The expectation-maximization formulation for likelihood maximization reveals a fundamental circular dependency between segmentation and recognition.

Here segmentation refers to the alignment of sub-phoneme states of $${\bf y}$$ and the acoustic feature observations $${\bf x}$$, encoded in the hidden state sequence $${\bf z}$$, and recognition refers to the classification of sub-phoneme hidden state sequence $${\bf z}$$ for the corresponds acoustic feature observations $${\bf x}$$.

The two equations below make the circular dependency precise:

\begin{align*} \theta^{[i]} & \underset{\text{ }}{\xrightarrow{\substack{\text{update soft-alignment}\\\text{based on recognition}}}} \mathbb{P}\left({\bf z}^{(n)}| {\bf x}^{(n)};\theta^{[i]} \right)\text{ using Equation (2)}\\ \mathbb{P}\left({\bf z}^{(n)}| {\bf x}^{(n)};\theta^{[i]} \right) & \underset{\text{ }}{\xrightarrow{\substack{\text{update recognition}\\\text{based on soft-alignment}}}} \theta^{[i+1]}\text{ using Equation (1)} \end{align*}

It is easy to argue that to have an accurate alignment, we need accurate recognition, and to train an accurate recognition, we have to rely on accurate alignment/segmentation.

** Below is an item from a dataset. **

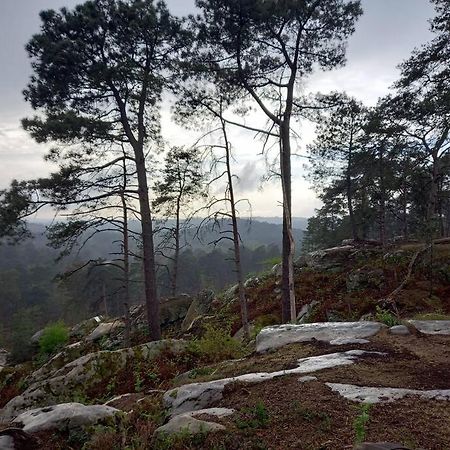 Gite Les Petites Bruyeres Veneux-les-Sablons Kültér fotó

In a convention ASR system, to bootstrap the training procedure, we have to start with a dataset that has human curated phoneme boundary/segmentation. Once the system is capacitated with reasonable recognition/inference, it is no longer confined with human aligned dataset and a much larger dataset can be used with just waveform and the corresponding phoneme transcription. Eventually, after the system is able to deliver robust segmentation, we can make hard decision on the alignment, and only focus on improving the recognition performance with potentially a different system that has a much larger capacity, e.g., a DNN replacing the GMM model.

## Decoding

In the decoding stage, we try to find the word/sentence with the maximum a posterior (MAP) probability given the observed data

\begin{align*} &\arg\max_{\bf y} \mathbb{P}({\bf y}|{\bf x};\theta) \\ =&\arg\max_{\bf y} \mathbb{P}({\bf x},{\bf y};\theta) / \mathbb{P}({\bf x};\theta)\\ \color{red}{=}&\arg\max_{\bf y} \mathbb{P}({\bf x},{\bf y};\theta) \\ =&\arg\max_{\bf y} \underbrace{\mathbb{P}({\bf x}|{\bf p};\theta)}_{\text{acoustic model}}\times\underbrace{\mathbb{P}({\bf p}|{\bf y})}_{\text{lexion}}\times\underbrace{\mathbb{P}({\bf y})}_{\text{language model}} \end{align*}

The lexicon and language model together construct a state transition diagram, which we unrolled in time to form a decoding trellis. For each transcription hypothesis, a proper MAP decoder would sum across all the paths in the trellis that corresponds to the transcription, which is computationally prohibitive.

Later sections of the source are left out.